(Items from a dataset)

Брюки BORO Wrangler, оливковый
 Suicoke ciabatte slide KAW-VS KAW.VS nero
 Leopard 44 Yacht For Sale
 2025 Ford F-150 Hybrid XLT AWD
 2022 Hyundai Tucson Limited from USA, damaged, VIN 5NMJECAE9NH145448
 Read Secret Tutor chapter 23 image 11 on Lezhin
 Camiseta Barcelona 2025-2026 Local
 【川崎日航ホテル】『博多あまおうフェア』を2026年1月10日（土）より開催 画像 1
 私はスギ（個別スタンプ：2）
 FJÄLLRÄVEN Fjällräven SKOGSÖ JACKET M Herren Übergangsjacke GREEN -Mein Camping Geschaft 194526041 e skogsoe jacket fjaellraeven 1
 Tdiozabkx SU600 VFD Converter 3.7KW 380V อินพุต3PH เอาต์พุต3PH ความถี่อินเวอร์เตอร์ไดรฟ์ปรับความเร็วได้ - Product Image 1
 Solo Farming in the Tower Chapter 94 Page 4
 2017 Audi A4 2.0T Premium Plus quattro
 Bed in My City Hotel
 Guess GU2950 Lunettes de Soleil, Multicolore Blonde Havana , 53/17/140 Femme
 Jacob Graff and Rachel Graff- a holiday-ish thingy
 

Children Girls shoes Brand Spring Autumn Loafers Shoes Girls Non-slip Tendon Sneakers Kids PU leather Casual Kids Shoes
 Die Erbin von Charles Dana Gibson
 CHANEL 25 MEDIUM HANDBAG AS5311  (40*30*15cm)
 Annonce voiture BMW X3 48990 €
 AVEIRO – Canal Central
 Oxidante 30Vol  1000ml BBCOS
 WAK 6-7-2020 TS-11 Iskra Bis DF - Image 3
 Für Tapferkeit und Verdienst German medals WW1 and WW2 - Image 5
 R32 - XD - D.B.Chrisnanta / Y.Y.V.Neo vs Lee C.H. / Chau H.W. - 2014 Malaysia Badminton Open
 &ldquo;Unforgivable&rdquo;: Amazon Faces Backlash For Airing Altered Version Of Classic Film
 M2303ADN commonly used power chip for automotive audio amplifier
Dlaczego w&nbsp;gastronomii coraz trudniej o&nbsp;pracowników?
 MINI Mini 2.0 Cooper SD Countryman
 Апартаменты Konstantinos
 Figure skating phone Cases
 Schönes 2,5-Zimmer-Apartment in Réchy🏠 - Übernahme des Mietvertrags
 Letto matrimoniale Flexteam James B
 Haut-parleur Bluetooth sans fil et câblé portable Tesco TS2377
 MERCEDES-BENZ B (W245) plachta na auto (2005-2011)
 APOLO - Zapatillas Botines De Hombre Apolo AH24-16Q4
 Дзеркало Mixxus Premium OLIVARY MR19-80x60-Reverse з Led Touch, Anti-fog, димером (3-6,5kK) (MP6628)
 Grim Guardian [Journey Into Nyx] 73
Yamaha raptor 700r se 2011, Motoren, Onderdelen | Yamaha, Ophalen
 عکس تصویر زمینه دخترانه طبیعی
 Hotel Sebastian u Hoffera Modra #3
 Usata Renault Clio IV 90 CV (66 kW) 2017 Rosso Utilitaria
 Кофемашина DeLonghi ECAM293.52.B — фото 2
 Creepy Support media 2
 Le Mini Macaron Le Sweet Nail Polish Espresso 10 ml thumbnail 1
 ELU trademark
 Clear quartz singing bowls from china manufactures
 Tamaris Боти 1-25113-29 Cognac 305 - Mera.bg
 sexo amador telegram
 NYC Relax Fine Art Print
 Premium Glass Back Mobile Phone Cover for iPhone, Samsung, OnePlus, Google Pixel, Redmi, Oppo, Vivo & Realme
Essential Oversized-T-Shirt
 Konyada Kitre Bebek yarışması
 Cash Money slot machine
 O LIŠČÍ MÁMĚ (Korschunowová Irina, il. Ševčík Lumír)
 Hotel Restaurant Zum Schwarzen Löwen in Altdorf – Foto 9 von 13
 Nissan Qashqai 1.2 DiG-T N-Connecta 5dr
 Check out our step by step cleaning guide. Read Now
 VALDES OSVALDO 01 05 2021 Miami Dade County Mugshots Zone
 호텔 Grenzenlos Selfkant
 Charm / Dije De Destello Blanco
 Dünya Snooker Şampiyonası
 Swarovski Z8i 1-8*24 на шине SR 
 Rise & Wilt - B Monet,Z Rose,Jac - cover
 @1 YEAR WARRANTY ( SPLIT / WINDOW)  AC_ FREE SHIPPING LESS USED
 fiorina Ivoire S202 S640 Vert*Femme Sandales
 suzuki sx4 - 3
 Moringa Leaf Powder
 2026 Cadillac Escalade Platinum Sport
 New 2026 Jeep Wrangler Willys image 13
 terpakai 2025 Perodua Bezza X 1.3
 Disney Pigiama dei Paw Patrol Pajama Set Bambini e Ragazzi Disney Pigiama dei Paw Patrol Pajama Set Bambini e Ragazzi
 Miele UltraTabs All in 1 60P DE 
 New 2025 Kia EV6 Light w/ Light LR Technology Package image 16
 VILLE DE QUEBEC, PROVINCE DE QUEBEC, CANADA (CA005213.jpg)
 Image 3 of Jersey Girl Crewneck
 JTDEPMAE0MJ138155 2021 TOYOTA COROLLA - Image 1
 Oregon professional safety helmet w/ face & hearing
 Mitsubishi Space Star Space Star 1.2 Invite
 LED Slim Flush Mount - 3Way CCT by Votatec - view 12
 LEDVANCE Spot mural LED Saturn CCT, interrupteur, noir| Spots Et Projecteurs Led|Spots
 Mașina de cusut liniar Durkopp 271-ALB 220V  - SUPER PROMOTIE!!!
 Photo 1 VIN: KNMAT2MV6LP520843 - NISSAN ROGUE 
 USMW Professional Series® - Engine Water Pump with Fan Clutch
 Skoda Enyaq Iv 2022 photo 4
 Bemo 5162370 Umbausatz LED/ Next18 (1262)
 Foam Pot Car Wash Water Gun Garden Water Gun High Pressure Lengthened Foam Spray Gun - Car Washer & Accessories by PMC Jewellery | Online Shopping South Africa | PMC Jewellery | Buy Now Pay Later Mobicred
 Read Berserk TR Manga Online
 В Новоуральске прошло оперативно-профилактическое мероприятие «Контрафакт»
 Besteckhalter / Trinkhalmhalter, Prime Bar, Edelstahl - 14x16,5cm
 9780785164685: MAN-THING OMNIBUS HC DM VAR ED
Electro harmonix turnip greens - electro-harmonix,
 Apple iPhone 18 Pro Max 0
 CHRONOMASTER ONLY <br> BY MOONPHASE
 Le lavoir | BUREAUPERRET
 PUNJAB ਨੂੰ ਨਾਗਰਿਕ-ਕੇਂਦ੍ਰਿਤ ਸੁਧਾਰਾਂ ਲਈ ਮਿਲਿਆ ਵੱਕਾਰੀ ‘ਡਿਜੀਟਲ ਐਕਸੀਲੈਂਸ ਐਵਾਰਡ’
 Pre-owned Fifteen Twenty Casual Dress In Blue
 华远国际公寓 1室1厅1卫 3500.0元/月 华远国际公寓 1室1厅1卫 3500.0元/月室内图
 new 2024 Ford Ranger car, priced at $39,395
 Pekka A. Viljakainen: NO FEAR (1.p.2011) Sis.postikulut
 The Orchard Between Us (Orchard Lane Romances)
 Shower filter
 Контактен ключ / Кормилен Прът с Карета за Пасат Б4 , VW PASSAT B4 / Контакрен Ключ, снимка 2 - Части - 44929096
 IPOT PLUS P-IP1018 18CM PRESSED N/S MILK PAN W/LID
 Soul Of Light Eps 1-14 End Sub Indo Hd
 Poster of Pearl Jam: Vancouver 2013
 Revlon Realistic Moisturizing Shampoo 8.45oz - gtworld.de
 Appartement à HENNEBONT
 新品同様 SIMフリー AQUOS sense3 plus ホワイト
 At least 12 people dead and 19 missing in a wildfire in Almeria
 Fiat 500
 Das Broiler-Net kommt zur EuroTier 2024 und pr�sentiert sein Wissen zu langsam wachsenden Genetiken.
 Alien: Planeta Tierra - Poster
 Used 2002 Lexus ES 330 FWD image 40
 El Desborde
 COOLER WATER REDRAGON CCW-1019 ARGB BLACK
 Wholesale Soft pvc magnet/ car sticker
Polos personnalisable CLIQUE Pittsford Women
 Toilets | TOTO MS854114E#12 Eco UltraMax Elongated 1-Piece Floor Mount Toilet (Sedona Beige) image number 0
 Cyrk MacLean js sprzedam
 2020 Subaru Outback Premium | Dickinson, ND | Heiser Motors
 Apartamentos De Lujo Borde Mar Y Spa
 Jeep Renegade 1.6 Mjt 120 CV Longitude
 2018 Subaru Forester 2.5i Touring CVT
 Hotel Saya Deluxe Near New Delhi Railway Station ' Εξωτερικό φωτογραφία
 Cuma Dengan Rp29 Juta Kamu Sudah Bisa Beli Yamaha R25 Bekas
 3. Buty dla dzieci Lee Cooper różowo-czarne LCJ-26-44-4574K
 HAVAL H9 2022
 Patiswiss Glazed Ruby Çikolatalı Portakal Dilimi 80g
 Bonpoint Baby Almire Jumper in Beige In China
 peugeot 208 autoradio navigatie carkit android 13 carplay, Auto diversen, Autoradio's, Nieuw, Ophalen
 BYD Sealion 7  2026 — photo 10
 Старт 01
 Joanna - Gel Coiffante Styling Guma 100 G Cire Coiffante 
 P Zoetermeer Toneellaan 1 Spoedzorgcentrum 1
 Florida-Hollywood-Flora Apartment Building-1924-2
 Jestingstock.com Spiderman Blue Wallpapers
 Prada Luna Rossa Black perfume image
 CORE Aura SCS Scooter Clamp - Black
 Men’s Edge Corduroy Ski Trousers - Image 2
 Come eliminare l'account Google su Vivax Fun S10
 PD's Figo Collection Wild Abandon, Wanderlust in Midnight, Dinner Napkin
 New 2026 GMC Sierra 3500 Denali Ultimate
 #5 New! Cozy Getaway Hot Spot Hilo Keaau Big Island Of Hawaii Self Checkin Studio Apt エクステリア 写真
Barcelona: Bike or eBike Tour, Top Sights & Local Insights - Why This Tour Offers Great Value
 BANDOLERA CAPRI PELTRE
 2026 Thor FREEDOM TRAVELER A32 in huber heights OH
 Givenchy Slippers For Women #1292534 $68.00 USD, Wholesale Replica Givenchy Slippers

## Work to be completed
A verbatim transcription is needed of the lines above, starting at the line with "Suicoke ciabatte slide KAW-VS KAW.VS nero" and ending at the line with "Jacob Graff and", both included, and of nothing else.

## Answer to this exercise
 Suicoke ciabatte slide KAW-VS KAW.VS nero
 Leopard 44 Yacht For Sale
 2025 Ford F-150 Hybrid XLT AWD
 2022 Hyundai Tucson Limited from USA, damaged, VIN 5NMJECAE9NH145448
 Read Secret Tutor chapter 23 image 11 on Lezhin
 Camiseta Barcelona 2025-2026 Local
 【川崎日航ホテル】『博多あまおうフェア』を2026年1月10日（土）より開催 画像 1
 私はスギ（個別スタンプ：2）
 FJÄLLRÄVEN Fjällräven SKOGSÖ JACKET M Herren Übergangsjacke GREEN -Mein Camping Geschaft 194526041 e skogsoe jacket fjaellraeven 1
 Tdiozabkx SU600 VFD Converter 3.7KW 380V อินพุต3PH เอาต์พุต3PH ความถี่อินเวอร์เตอร์ไดรฟ์ปรับความเร็วได้ - Product Image 1
 Solo Farming in the Tower Chapter 94 Page 4
 2017 Audi A4 2.0T Premium Plus quattro
 Bed in My City Hotel
 Guess GU2950 Lunettes de Soleil, Multicolore Blonde Havana , 53/17/140 Femme
 Jacob Graff and Rachel Graff- a holiday-ish thingy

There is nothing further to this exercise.